There were significant differences in the dry weight of nuts among different genotypes of nuts in Jr35, with AB (124, 136) > AC (124, 139) > CD (127, 139) > CC (139, 139) > AA (124, 124) > BB (136, 136). There were significant differences in green fruit weight, fresh fruit weight, fresh weight of seed kernel, fresh weight of seed meat, and nut kernel rate among different genotypes of Jr50, with AA (170, 170) > BB (165, 165). There were significant differences in the green skin rate and fruiting rate among different genotypes of Jr52, with AB (130, 140) > BB (130, 130) > AA (140, 140), AA (140, 140) > BB (130, 130) > AB (130, 140), respectively.
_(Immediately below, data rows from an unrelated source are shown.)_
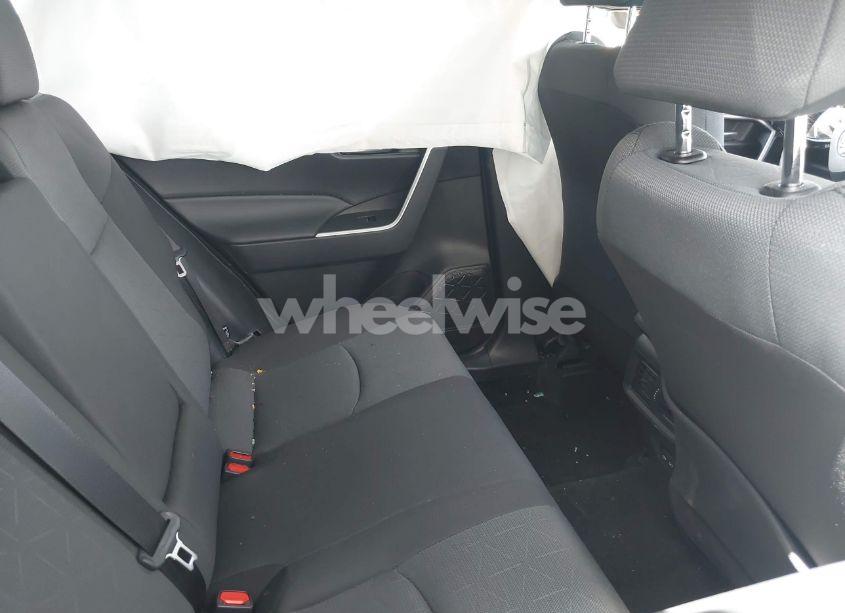 Photo 8 of 2024 Toyota Rav4 HYBRID XLE (VIN 2T3RWRFV3RW250435)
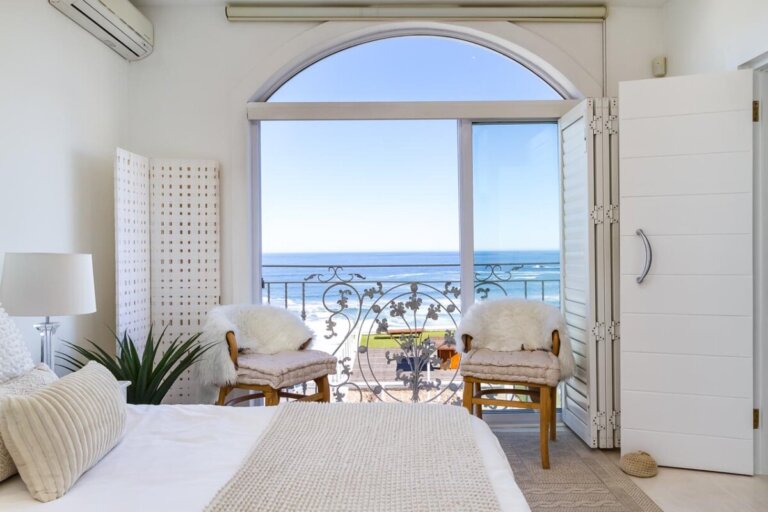 seaview-apartment-french-room_03
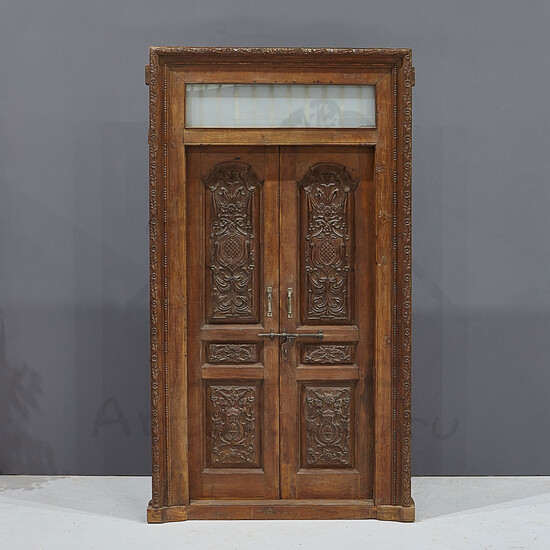 Старинная деревянная дверь с резьбой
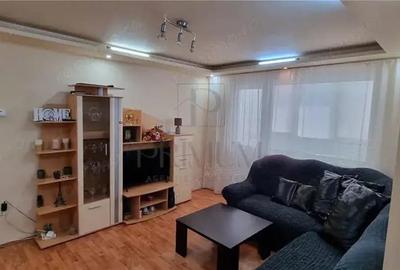 GIROCULUI - 3 Camere - ETAJ 2 - Izolat interior
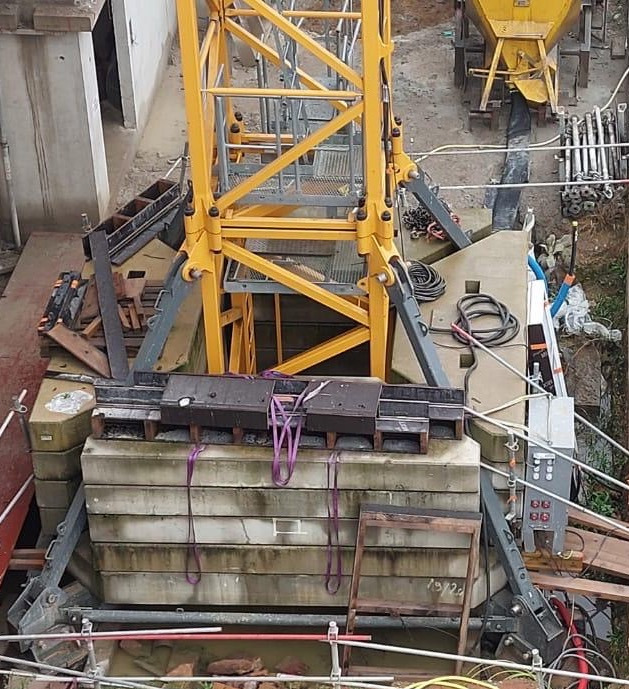 LIEBHERR 200 EC-H 10 Litronic - Grúa torre: foto 3 LIEBHERR 200 EC-H 10 Litronic - Grúa torre: foto 3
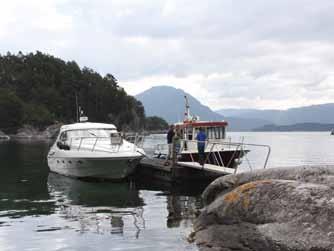 Dette er ei god naturhamn, med utlagt flytebrygge og gode bade- og fiskeforhold. På land er det fine turmuligheter.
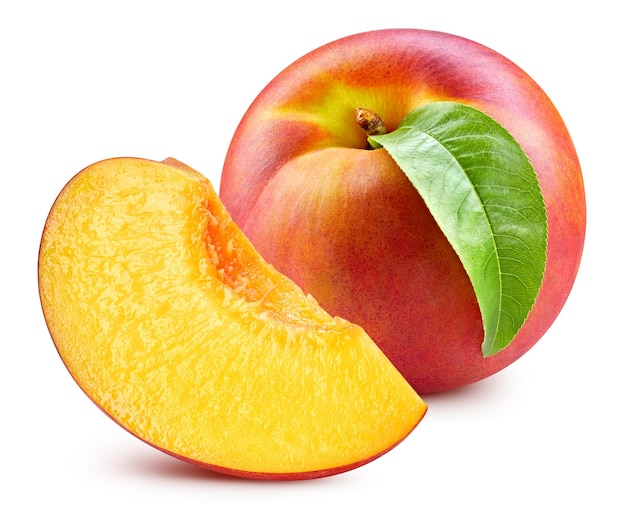 Perzik fruit met bladeren isoleren Perzik peer op wit Perzik uitknippad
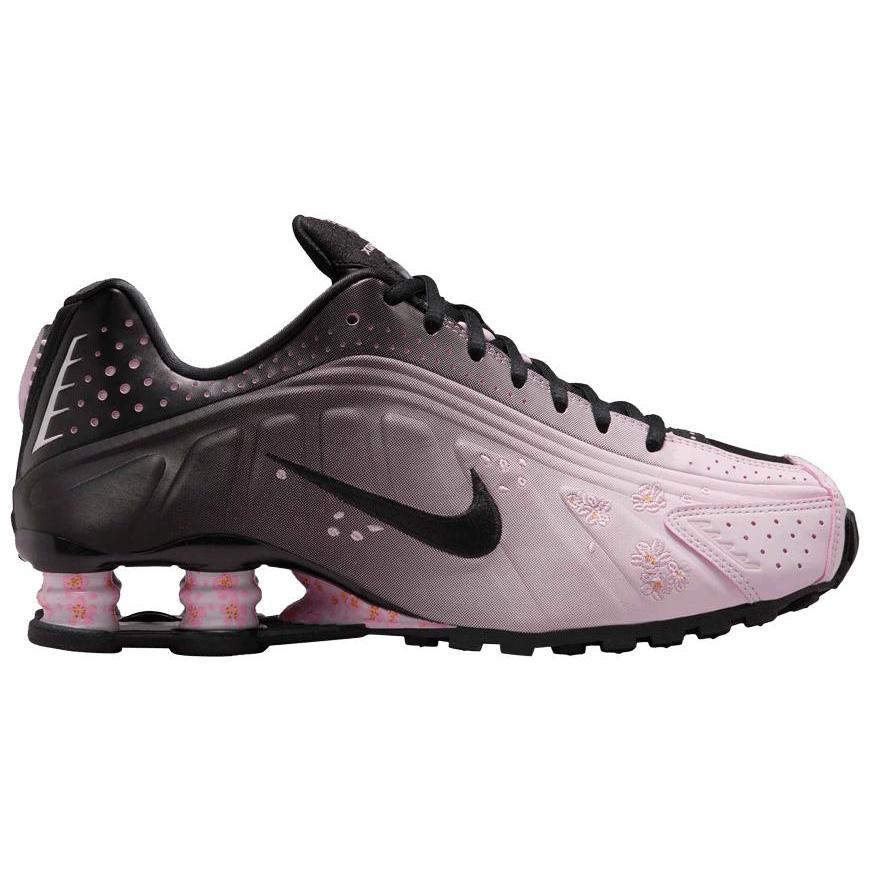 NIKE（ナイキ） IB8872-600 Nike ショックス R4 'Sakura' レディース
There were significant differences in the green fruit weight, fresh fruit weight, green skin weight, green skin rate, fruiting rate, fresh weight of seed kernel, fresh seed kernel rate, fresh weight of seed meat, fresh weight of seed coat, dry weight of seed kernel, dry weight of seed meat, dry weight of seed coat, dry weight of nut, and nut kernel rate among different genotypes of Jr53, with AA (140, 140) > BB (175, 175).